**Records shown**

>>>

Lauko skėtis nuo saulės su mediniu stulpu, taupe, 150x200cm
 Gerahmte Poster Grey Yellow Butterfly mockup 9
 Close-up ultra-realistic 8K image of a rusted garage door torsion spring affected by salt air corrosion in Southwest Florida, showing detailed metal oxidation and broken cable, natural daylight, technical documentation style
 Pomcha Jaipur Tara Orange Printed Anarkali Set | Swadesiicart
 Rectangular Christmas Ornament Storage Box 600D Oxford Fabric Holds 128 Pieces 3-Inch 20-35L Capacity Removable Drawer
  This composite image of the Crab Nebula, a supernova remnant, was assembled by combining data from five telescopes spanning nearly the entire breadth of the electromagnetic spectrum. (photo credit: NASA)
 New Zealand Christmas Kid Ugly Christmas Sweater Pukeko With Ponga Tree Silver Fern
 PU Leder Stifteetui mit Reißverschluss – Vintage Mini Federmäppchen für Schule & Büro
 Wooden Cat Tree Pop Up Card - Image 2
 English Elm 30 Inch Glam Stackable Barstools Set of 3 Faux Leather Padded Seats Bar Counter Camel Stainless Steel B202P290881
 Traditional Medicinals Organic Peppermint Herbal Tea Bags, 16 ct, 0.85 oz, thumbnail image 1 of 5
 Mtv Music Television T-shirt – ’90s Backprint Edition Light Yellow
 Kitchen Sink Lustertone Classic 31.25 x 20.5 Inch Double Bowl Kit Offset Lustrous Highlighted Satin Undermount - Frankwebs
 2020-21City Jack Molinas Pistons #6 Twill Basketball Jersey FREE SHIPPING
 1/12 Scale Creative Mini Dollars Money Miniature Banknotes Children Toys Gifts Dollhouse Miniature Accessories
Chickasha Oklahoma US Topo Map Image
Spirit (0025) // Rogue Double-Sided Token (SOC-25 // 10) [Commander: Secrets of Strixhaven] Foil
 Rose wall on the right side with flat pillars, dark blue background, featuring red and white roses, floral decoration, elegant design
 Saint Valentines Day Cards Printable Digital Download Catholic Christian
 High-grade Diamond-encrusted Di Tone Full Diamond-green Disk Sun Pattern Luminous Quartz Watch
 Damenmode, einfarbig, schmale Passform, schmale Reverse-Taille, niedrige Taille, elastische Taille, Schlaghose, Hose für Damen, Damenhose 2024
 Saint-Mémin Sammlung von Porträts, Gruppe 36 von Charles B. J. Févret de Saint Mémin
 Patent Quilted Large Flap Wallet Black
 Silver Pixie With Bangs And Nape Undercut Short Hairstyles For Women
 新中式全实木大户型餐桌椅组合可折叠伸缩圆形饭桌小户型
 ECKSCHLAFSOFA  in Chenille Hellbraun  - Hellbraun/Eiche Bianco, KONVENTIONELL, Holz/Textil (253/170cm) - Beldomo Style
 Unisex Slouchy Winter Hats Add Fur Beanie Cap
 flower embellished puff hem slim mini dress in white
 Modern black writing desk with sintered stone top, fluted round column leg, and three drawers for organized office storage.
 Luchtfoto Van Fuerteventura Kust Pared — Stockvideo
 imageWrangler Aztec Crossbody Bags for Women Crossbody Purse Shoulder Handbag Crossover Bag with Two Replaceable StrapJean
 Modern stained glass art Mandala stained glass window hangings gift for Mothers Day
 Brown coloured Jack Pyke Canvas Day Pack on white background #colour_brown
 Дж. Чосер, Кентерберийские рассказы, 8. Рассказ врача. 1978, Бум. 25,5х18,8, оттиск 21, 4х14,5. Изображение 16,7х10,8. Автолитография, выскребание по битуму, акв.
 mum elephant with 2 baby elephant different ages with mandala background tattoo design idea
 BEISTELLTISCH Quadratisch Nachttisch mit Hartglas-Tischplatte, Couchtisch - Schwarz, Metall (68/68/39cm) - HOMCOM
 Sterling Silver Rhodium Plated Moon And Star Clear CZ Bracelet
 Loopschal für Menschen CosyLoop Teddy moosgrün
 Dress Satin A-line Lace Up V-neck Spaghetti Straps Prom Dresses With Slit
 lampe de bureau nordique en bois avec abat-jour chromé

<<<

**Exercise**
Of the lines above, output exactly those from the line bearing "Kitchen Sink Lustertone" through the line bearing "Rose wall on", inclusive.

**Exercise solution**
 Kitchen Sink Lustertone Classic 31.25 x 20.5 Inch Double Bowl Kit Offset Lustrous Highlighted Satin Undermount - Frankwebs
 2020-21City Jack Molinas Pistons #6 Twill Basketball Jersey FREE SHIPPING
 1/12 Scale Creative Mini Dollars Money Miniature Banknotes Children Toys Gifts Dollhouse Miniature Accessories
Chickasha Oklahoma US Topo Map Image
Spirit (0025) // Rogue Double-Sided Token (SOC-25 // 10) [Commander: Secrets of Strixhaven] Foil
 Rose wall on the right side with flat pillars, dark blue background, featuring red and white roses, floral decoration, elegant design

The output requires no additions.